(EXERCISE DIRECTIONS):
Pictures must not appear in the copy. Restate exactly the lines below from the one with "Image of U.S." through the one with "Crochet Flapper Hat", inclusive.

(TASK DATA):
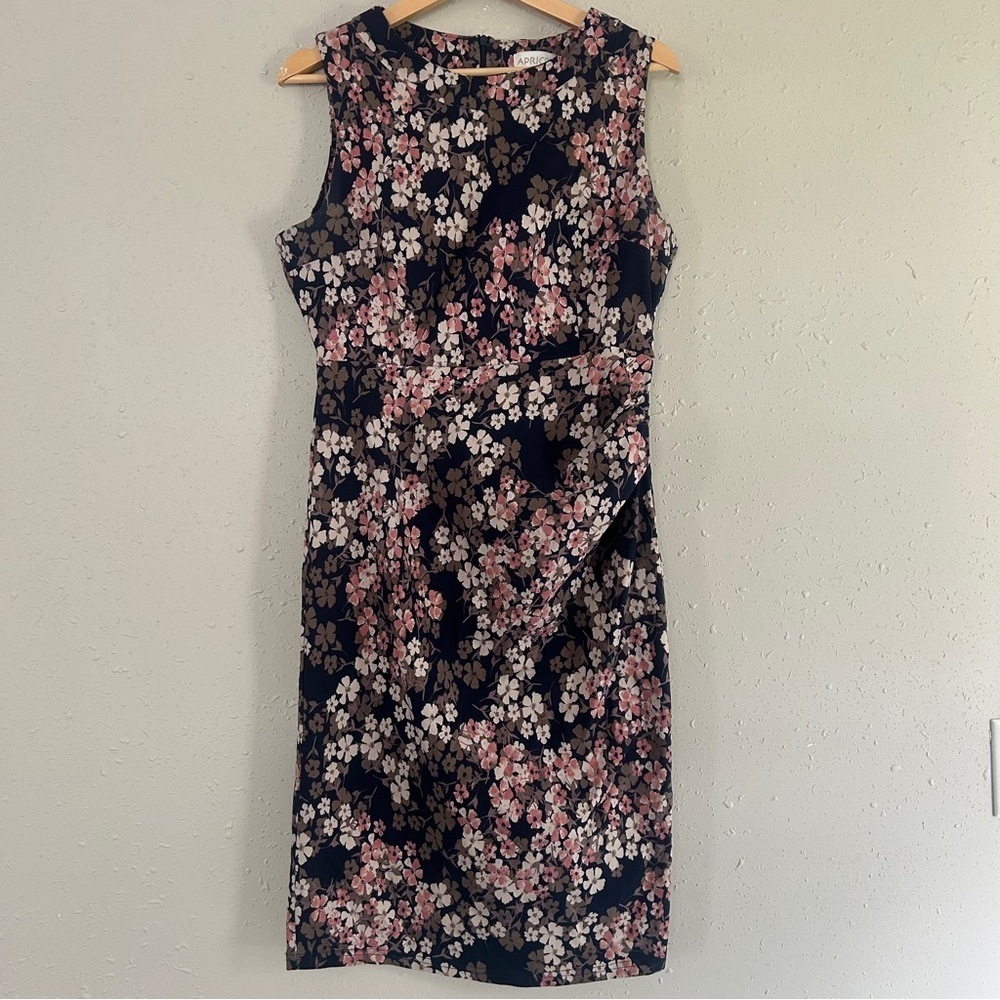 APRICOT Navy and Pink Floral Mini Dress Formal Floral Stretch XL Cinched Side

...

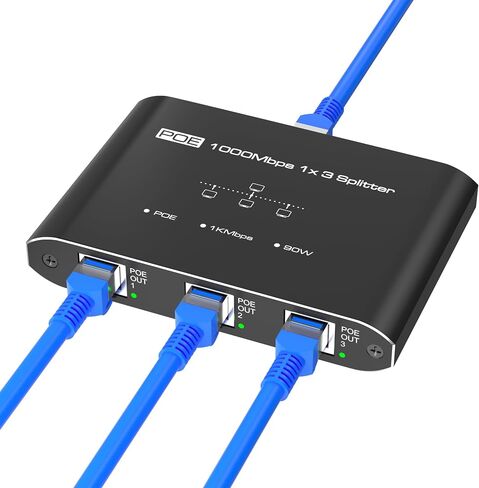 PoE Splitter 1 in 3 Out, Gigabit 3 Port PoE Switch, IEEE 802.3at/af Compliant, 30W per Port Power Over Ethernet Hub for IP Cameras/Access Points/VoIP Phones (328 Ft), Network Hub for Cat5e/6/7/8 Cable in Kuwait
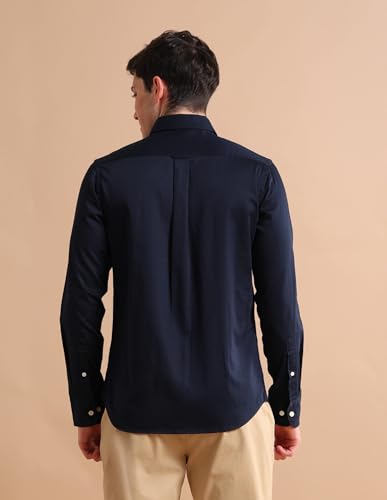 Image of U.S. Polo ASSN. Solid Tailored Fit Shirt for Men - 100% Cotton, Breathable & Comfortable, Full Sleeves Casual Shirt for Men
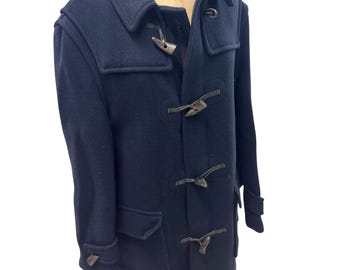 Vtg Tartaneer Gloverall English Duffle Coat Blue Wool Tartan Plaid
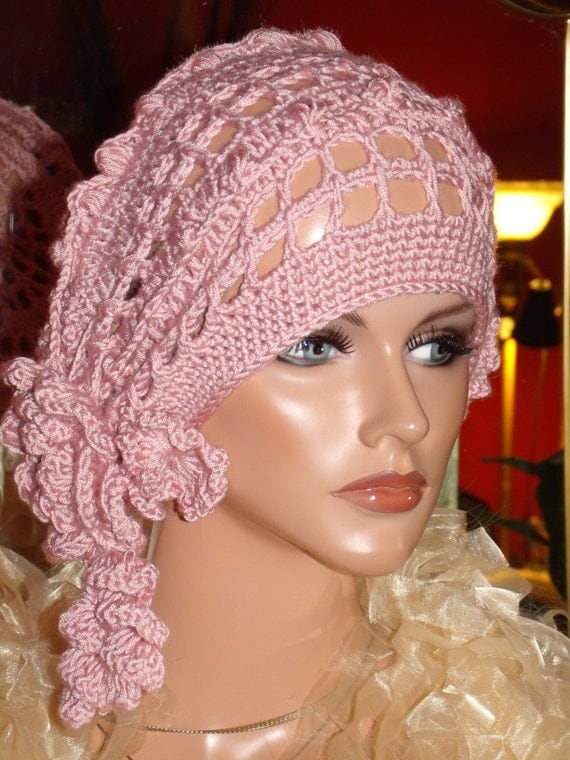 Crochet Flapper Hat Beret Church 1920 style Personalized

(SOLUTION TO THIS EXERCISE):
 Image of U.S. Polo ASSN. Solid Tailored Fit Shirt for Men - 100% Cotton, Breathable & Comfortable, Full Sleeves Casual Shirt for Men
 Vtg Tartaneer Gloverall English Duffle Coat Blue Wool Tartan Plaid
 Crochet Flapper Hat Beret Church 1920 style Personalized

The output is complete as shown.